## Data section:
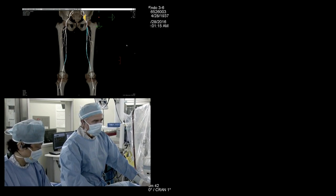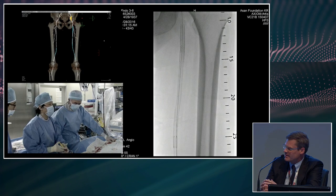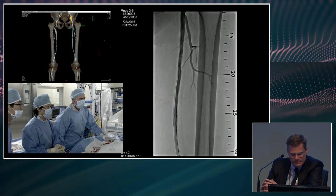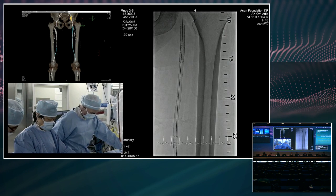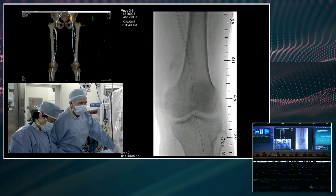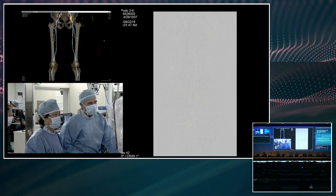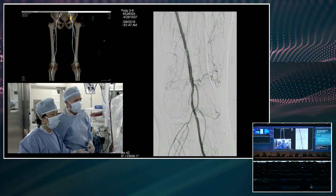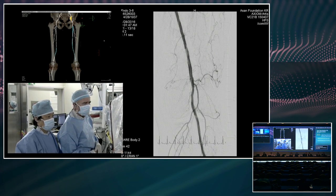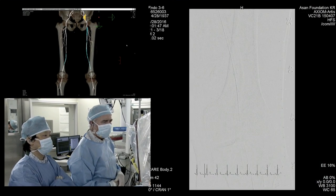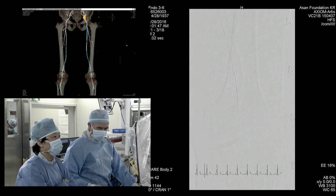The ISR segment looks good. The distal native segment is okay. There's a little haziness in the distal part of the stent — we'll go in and do a long inflation and then probably call it a day. I don't think we're going to need a stent here. We'll go to the other room and then perhaps come back. Let us know when you're finished.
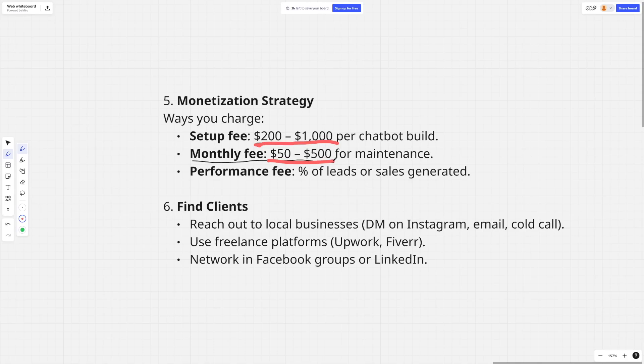It will depend on how complicated the chatbot is. Be prepared to work for less at the beginning, so you'll be on the lower end of both ranges. Sometimes you can also get a percentage, depending on how you strike a deal with a potential client.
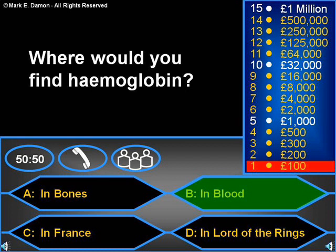Another way of getting information across is by using quizzes. There are lots of different templates available on the internet for various quizzes. This one is based on the quiz show 'Who Wants to Be a Millionaire.' There are others based on Blockbusters and the American quiz show Jeopardy.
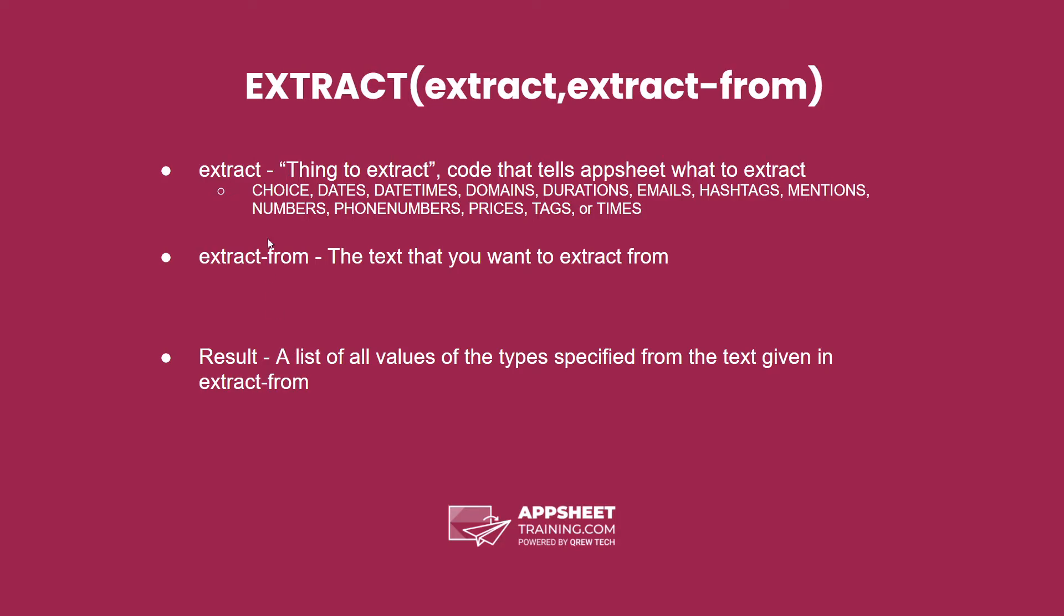The result of this expression is a list of all values of the type chosen in the text given.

## Exercise directions:
Leave the pictures out and output exactly the lines above, from the start of the listing through the line with "It will depend".

## Result of this exercise:
The ISR segment looks good. The distal native segment is okay. There's a little haziness in the distal part of the stent — we'll go in and do a long inflation and then probably call it a day. I don't think we're going to need a stent here. We'll go to the other room and then perhaps come back. Let us know when you're finished.
It will depend on how complicated the chatbot is. Be prepared to work for less at the beginning, so you'll be on the lower end of both ranges. Sometimes you can also get a percentage, depending on how you strike a deal with a potential client.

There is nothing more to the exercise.